Web page caption snippets
::::

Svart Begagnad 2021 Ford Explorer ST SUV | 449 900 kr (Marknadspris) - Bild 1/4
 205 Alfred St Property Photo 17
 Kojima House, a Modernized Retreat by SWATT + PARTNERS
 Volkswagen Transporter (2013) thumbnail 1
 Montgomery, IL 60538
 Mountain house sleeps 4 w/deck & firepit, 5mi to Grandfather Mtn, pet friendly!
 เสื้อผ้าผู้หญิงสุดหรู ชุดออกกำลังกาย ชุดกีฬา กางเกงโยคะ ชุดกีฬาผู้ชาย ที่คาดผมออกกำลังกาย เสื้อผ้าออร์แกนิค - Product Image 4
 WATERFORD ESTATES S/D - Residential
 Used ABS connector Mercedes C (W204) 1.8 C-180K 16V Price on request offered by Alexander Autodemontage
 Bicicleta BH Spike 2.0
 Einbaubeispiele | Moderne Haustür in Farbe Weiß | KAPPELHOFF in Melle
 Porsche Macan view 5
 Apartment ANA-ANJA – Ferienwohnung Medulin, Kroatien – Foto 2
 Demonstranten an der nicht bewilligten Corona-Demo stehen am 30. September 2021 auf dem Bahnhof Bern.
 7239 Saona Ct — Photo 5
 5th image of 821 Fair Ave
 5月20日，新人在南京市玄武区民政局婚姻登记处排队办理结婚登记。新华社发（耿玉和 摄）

::::

**Exercise directions:**
Give back the data above word for word.

**Expected answer:**
Svart Begagnad 2021 Ford Explorer ST SUV | 449 900 kr (Marknadspris) - Bild 1/4
 205 Alfred St Property Photo 17
 Kojima House, a Modernized Retreat by SWATT + PARTNERS
 Volkswagen Transporter (2013) thumbnail 1
 Montgomery, IL 60538
 Mountain house sleeps 4 w/deck & firepit, 5mi to Grandfather Mtn, pet friendly!
 เสื้อผ้าผู้หญิงสุดหรู ชุดออกกำลังกาย ชุดกีฬา กางเกงโยคะ ชุดกีฬาผู้ชาย ที่คาดผมออกกำลังกาย เสื้อผ้าออร์แกนิค - Product Image 4
 WATERFORD ESTATES S/D - Residential
 Used ABS connector Mercedes C (W204) 1.8 C-180K 16V Price on request offered by Alexander Autodemontage
 Bicicleta BH Spike 2.0
 Einbaubeispiele | Moderne Haustür in Farbe Weiß | KAPPELHOFF in Melle
 Porsche Macan view 5
 Apartment ANA-ANJA – Ferienwohnung Medulin, Kroatien – Foto 2
 Demonstranten an der nicht bewilligten Corona-Demo stehen am 30. September 2021 auf dem Bahnhof Bern.
 7239 Saona Ct — Photo 5
 5th image of 821 Fair Ave
 5月20日，新人在南京市玄武区民政局婚姻登记处排队办理结婚登记。新华社发（耿玉和 摄）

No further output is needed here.